La carrière de Bong Joon-ho a connu une progression fulgurante depuis que j’ai vu son Memories of Murder à Fantasia 2003. Des productions sud-coréennes comme The Host et Mother ont marqué les esprits, alors qu’il faisait aussi des incursions dans le cinéma international avec Snowpiercer et Okja. Mais rien n’égale le buzz assourdissant entourant Parasite depuis sa présentation en mai dernier au festival de Cannes, où il a remporté la Palme d’Or.

M’asseyant dans la salle en n’étant au courant que de ce buzz et de comparaisons réductrices à la série Les Bougon, j’ai pu pleinement savourer cette œuvre riche en rebondissements.

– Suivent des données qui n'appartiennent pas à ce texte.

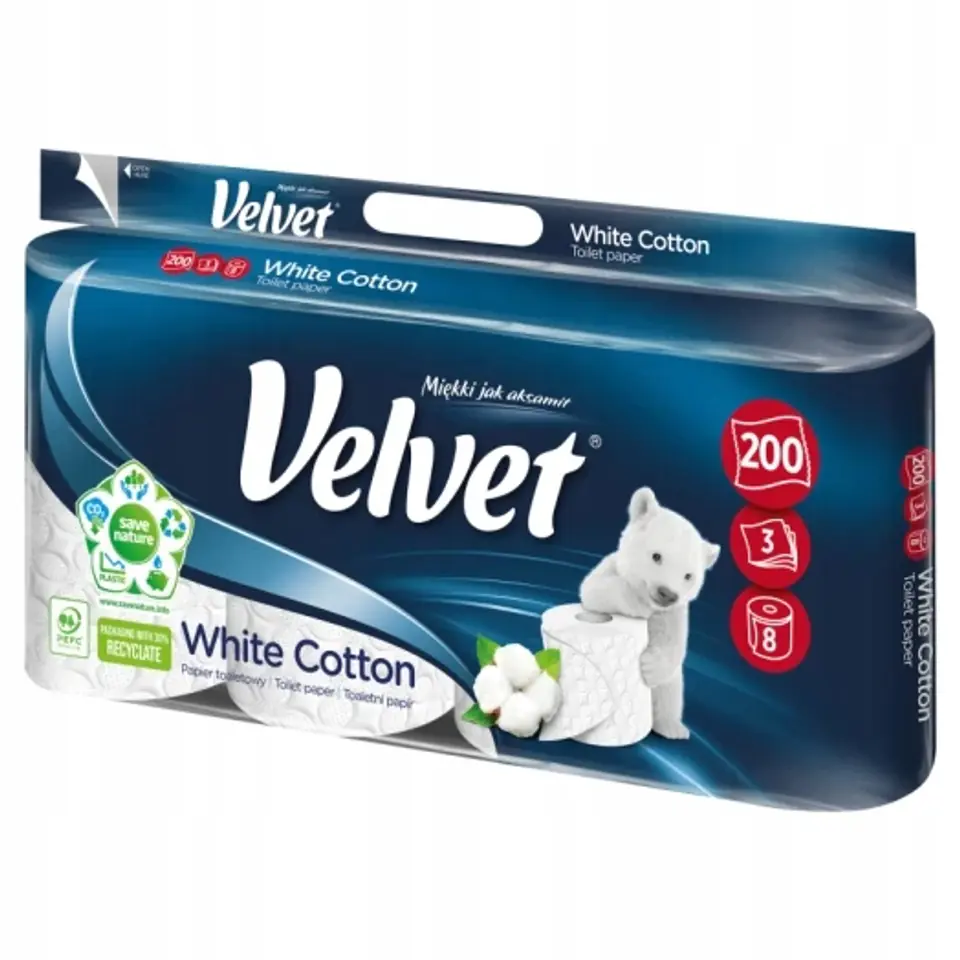 Papier toaletowy VELVET EXCELLENCE (8 rolek) 3 warstwy biały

Bong Joon-ho cosigne un scénario d’une ingéniosité machiavélique sur la division des classes (cette ligne qu’il ne faut pas franchir) et sur les inégalités économiques. Bong s’impose par ailleurs plus que jamais comme l’un des meilleurs réalisateurs au monde, calibrant parfaitement chaque scène, chaque plan pour communiquer des idées et transmettre des émotions. Les décors principaux du récit (un demi-sous-sol insalubre et une luxueuse maison d’architecte) et la façon dont ils sont filmés suffisent déjà à évoquer clairement la réalité dans laquelle évoluent les différents personnages. Bong défie toute catégorisation simpliste, passant harmonieusement d’un genre à un autre tout le long de ce qui est tour à tour une comédie satirique, un drame social, un thriller hitchcockien et carrément un film d’horreur, et ce, toujours dans l’optique de raconter son histoire du mieux possible.

Parasite est à la fois une métaphore fascinante et tout simplement un formidable divertissement, un buffet 5 étoiles à volonté de plaisirs cinématographiques, un film drôle, intelligent, sournois, déchirant, intense… Je n’en dis pas plus et je reste intentionnellement vague pour ne rien « divulgâcher ». Mais sachez que la réputation de ce film n’est pas surfaite : cette Palme d’Or est véritablement un événement incontournable de l’année cinéma.